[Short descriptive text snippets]
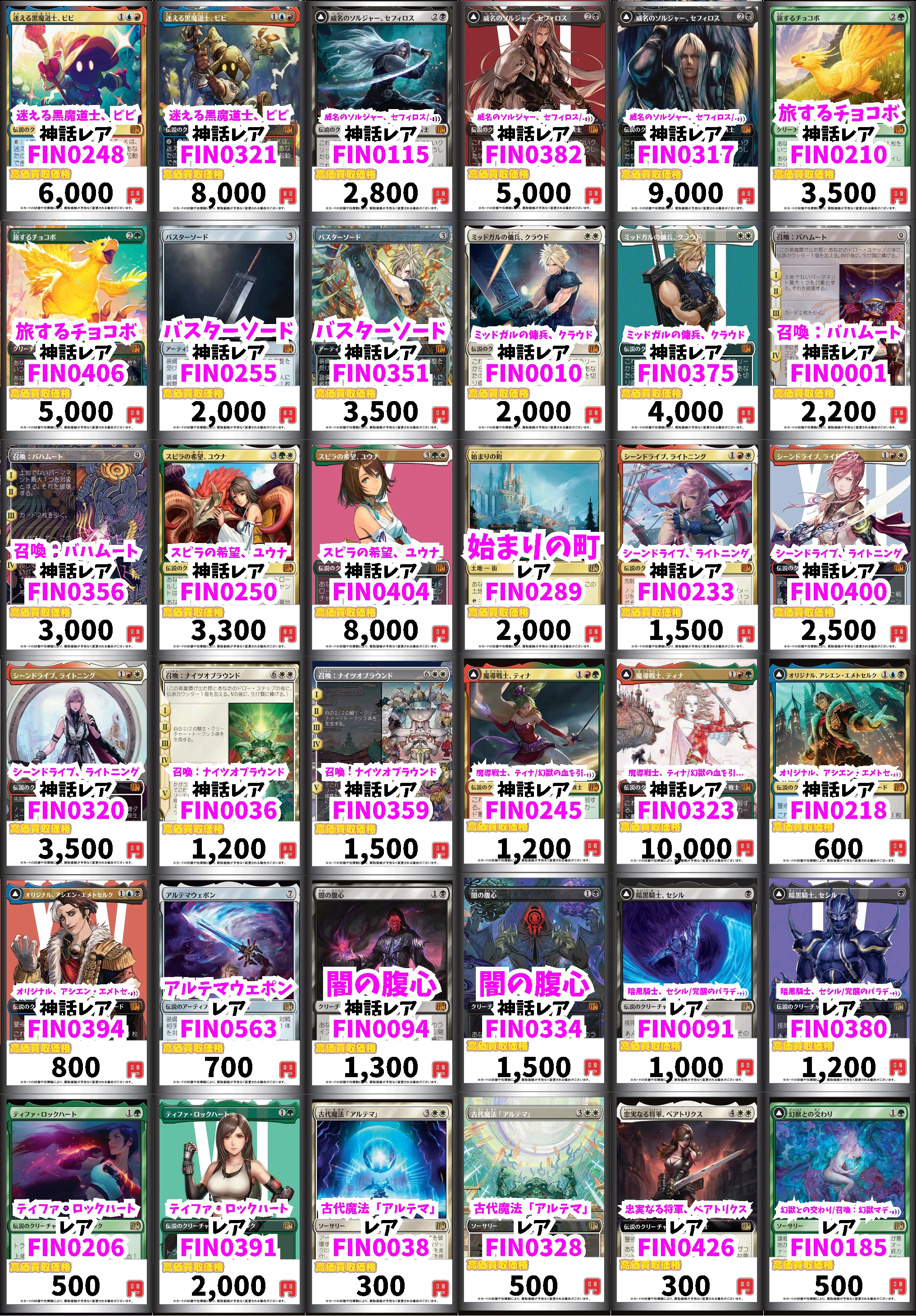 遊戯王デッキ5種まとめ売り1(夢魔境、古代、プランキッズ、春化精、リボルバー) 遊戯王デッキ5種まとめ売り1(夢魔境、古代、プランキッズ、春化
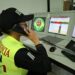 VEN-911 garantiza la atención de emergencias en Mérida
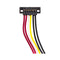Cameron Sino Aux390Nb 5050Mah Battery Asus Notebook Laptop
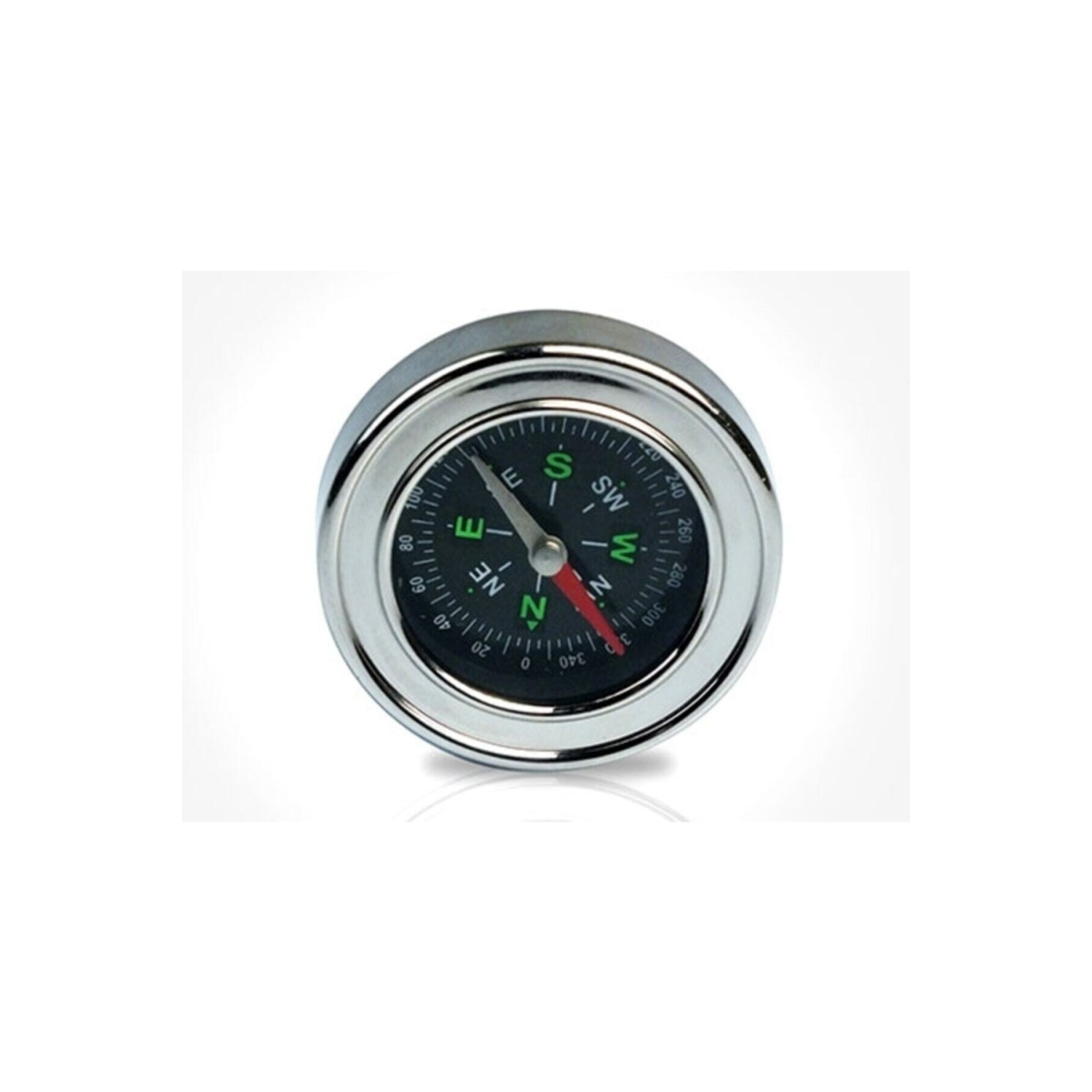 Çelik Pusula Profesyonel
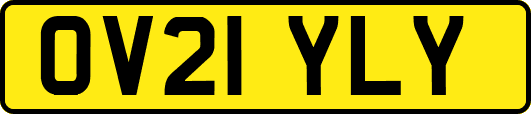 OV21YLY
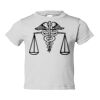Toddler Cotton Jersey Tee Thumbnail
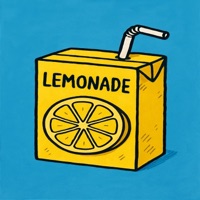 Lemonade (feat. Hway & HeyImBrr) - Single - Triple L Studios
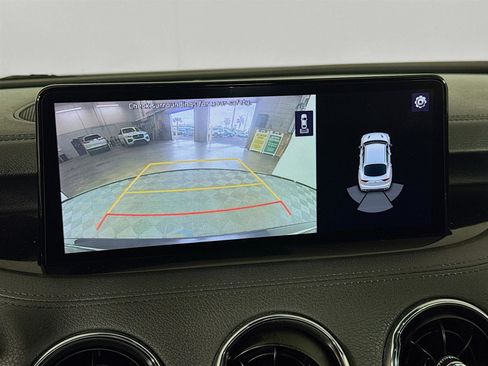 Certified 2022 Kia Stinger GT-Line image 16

▸ **ABOUT THIS EXERCISE**: Say again, word for word, the lines beginning at the top of the data and ending with the line that has "Toddler Cotton Jersey Tee Thumbnail". Skip the pictures.

▸ **RESULT OF THE EXERCISE**:
 遊戯王デッキ5種まとめ売り1(夢魔境、古代、プランキッズ、春化精、リボルバー) 遊戯王デッキ5種まとめ売り1(夢魔境、古代、プランキッズ、春化
 VEN-911 garantiza la atención de emergencias en Mérida
Cameron Sino Aux390Nb 5050Mah Battery Asus Notebook Laptop
 Çelik Pusula Profesyonel
 OV21YLY
Toddler Cotton Jersey Tee Thumbnail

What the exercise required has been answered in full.